Consistent with our results, the report by Yao et al. indicated that CPP treatment alleviates blood glucose, blood lipid, and HOMA-IR index by increasing the short-chain fatty acids (SCFAs)-producing gut bacteria in rats with T2DM [41]; Li et al. showed that CPP treatment increased the beneficial bacteria genus Ruminococcaceae UCG-005 abundance, which in turn attenuated FBG and HOMA-IR in type 2 diabetic rats [38]; Bai et al. showed that treatment of flavonoids of Quzhou Fructus Aurantii extract significantly reduced obesity, inflammation and liver steatosis by the reduction of Firmicutes to Bacteroidetes ratio, the increase in genera Akkermansia and Alistipes, and the decrease in genera Dubosiella, Faecalibaculum, and Lactobacillus in HFD-induced obesity mouse model [42]; the report by Li et al. revealed that Silybin administration showed protective effects against high-fat diet-induced obesity, insulin resistance, and liver steatosis in mice, which was associated with lowering the Firmicutes to Bacteroidetes ratio and increasing the abundances of SCFA-producing bacteria ( Blautia, Bacteriodes, and Akkermensia) [43].

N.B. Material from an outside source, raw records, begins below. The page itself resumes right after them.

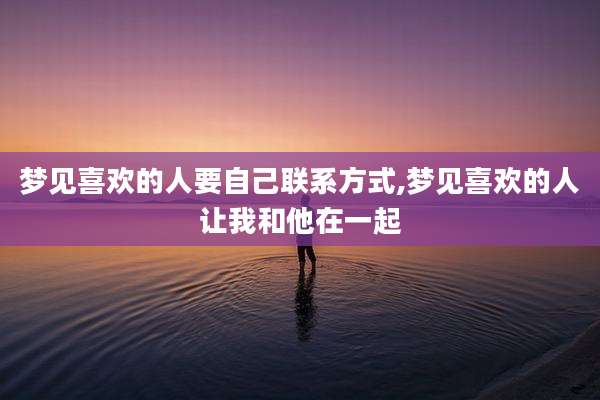 梦见喜欢的人要自己联系方式,梦见喜欢的人让我和他在一起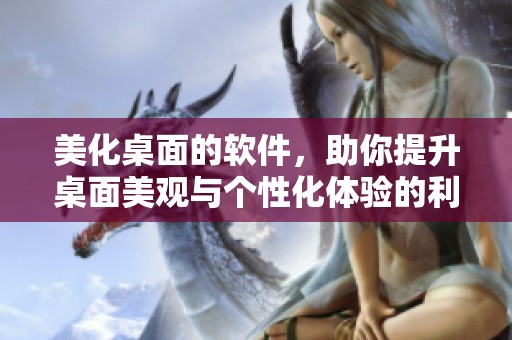 美化桌面的软件，助你提升桌面美观与个性化体验的利器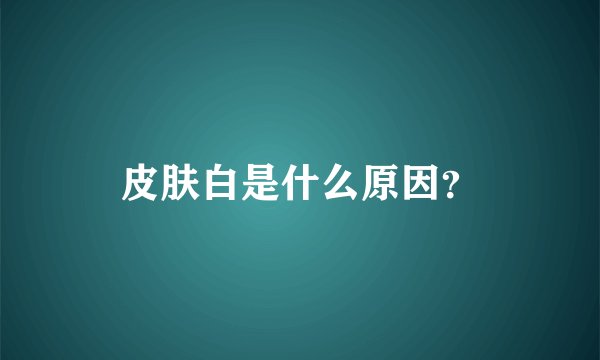 皮肤白是什么原因？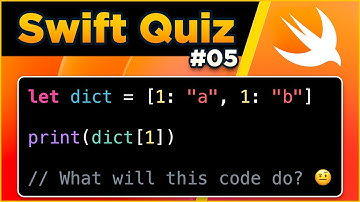 Swift Quiz #05 - Duplicated Keys in a Dictionary Literal
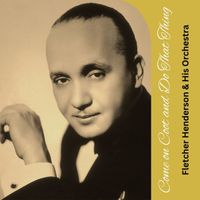 Fletcher Henderson & His Orchestra - Come on Coot and Do That Thing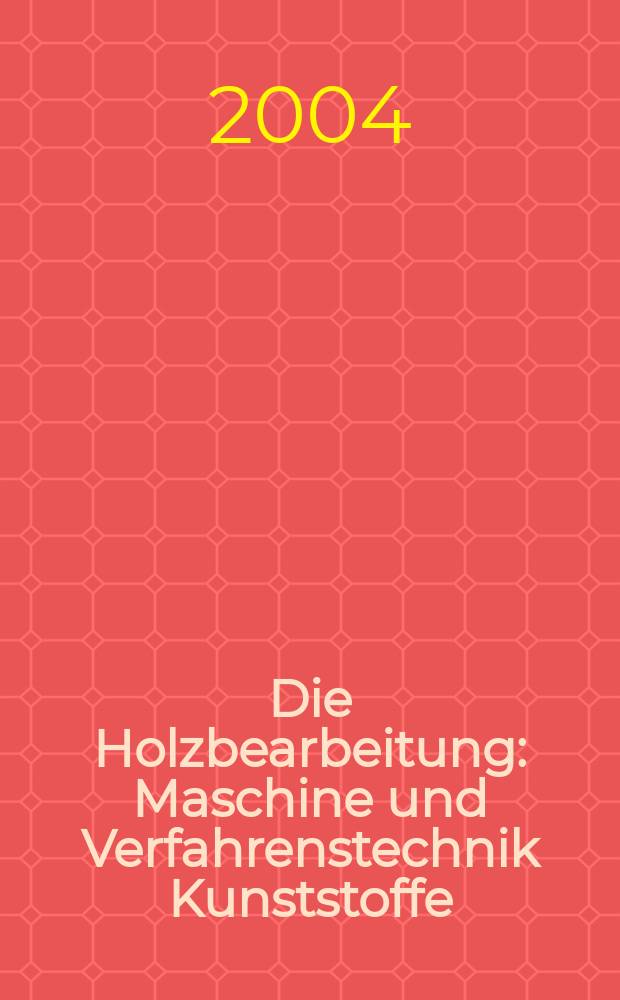 Die Holzbearbeitung : Maschine und Verfahrenstechnik Kunststoffe: Verarbeitung und Anwendung Kennziffer-Fachzeitschrift. Jg.51 2004, №11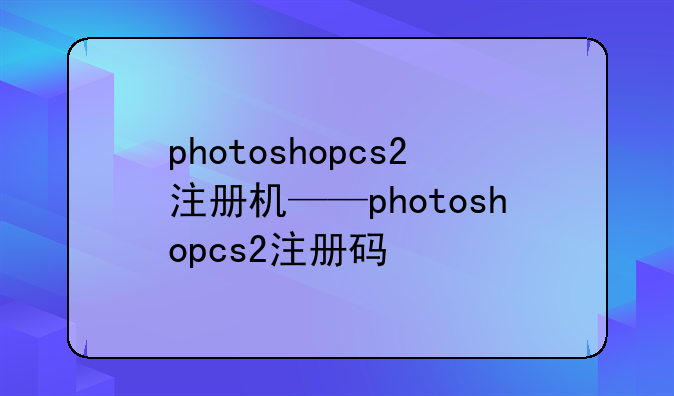 photoshopcs2注册机——photoshopcs2注册码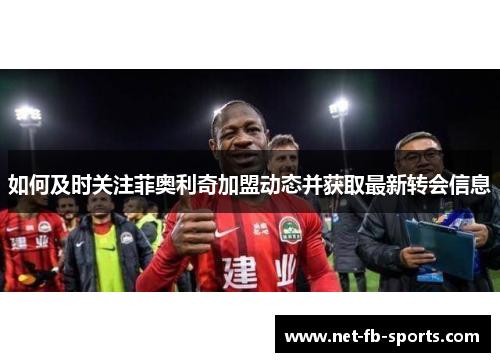 如何及时关注菲奥利奇加盟动态并获取最新转会信息 如何及时关注菲奥利奇加盟动态并获取最新转会信息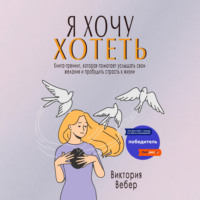 . Я хочу хотеть. Книга-тренинг, которая помогает услышать свои желания и пробудить страсть к жизни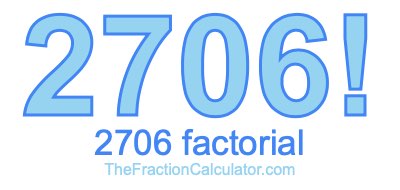 2706 Factorial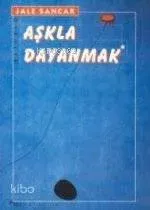 Aşkla Dayanmak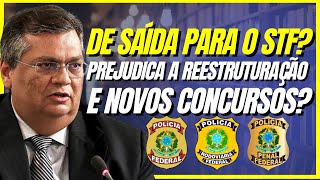 PRF PF e PPF O impacto da saída do Ministro Flávio Dino e o dia crucial para a reestruturação [upl. by Jeniffer849]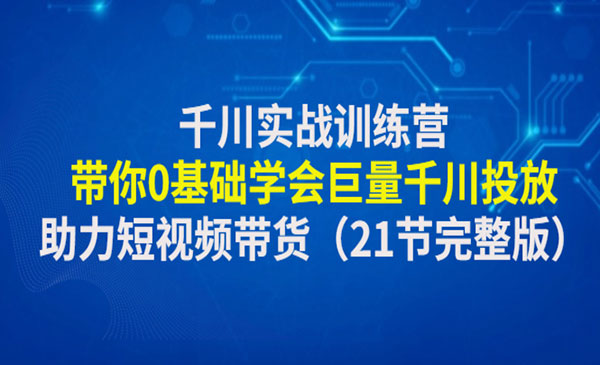 《千川实战训练营》带你0基础学会巨量千川投放，助力短视频带货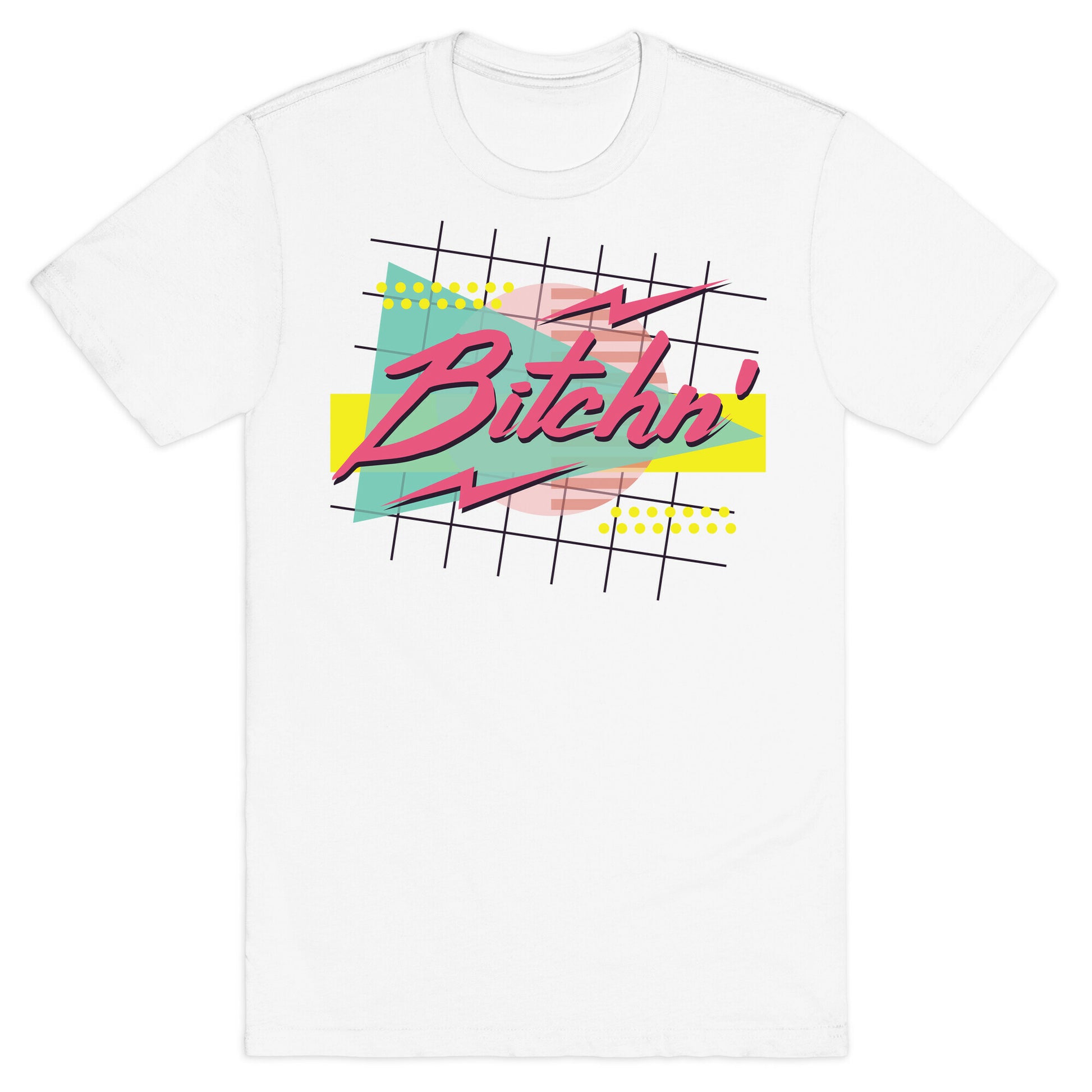 Bitchn' 80s Retro T-Shirt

It has been shown that Escherichia-Shigella, Aerococcus, Collinsella, and Dubosiella may contribute to the development of metabolic diseases such as obesity, NAFLD, and T2DM [42, 44,45,46,47,48,49]. On the other hand, it has been accepted that decreased abundances of some beneficial bacteria in gut, such as Ruminococcaceae_UCG-005, Lactobacillus, Akkermansia, and Blautia, are associated with obesity, NAFLD, and T2DM [42, 43, 50]. These beneficial bacteria can produce SCFAs by metabolizing polysaccharides, and in turn maintain the integrity of the intestinal mucosal barrier [38, 51, 52]. SCFAs have a variety of physiological functions, including shaping the gut environment, influencing the physiology of the colon, being utilized as energy sources by host cells and intestinal microbiota, and participating in different host-signaling mechanisms [53, 54]. Akkermansia can also degrade mucin, thereby protecting the intestinal mucosal barrier and reducing protein deposition [55]. Weissella species, which are Gram-positive coccobacilli, are potential probiotics [56, 57]. The genus Romboutsia, which also are Gram-positive organisms, are in the gut of healthy humans and rats [58,59,60].

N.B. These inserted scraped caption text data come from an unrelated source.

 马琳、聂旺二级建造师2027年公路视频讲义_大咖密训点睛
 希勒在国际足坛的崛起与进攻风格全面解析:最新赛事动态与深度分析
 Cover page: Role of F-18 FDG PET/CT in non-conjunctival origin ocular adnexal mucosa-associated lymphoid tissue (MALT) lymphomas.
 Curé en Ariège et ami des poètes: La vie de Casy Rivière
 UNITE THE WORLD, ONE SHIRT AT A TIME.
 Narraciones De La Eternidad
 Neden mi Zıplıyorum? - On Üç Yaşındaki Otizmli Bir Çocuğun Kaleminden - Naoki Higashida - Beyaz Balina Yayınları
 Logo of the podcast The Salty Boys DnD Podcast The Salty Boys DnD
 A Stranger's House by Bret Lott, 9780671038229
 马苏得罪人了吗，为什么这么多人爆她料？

Taken together, our findings suggest that both CPP and CPF as prebiotics could partially recover the gut microbiota equilibrium, especially with CPP inhibiting the growth of Escherichia-Shigella and dramatically increasing Akkermansia population, and with CPF restraining the growth of Escherichia-Shigella and enhancing the abundances of Romboutsia and Weissella in NAFLD/T2DM rat model. Such changes in the composition of the gut microbiota in turn improve liver steatosis, hyperglycemia, hyperlipidemia, insulin resistance, and inflammation induced by HFD and STZ in rats.

In conclusion, to the best of our knowledge, this study is the first report that demonstrated administration with both CPP and CPF had the significant therapeutic effects on liver steatosis and metabolic abnormalities induced by HFD and STZ in rats. The mechanism responsible for the effects may be at least partially correlated with modulating gut microbiota composition, as indicated by inhibiting the growth of pathogenic bacteria Escherichia-Shigella and discrepantly expanding the abundances of beneficial bacteria Akkermansia, or Romboutsia and Weissella by CPP and CPF treatment, respectively.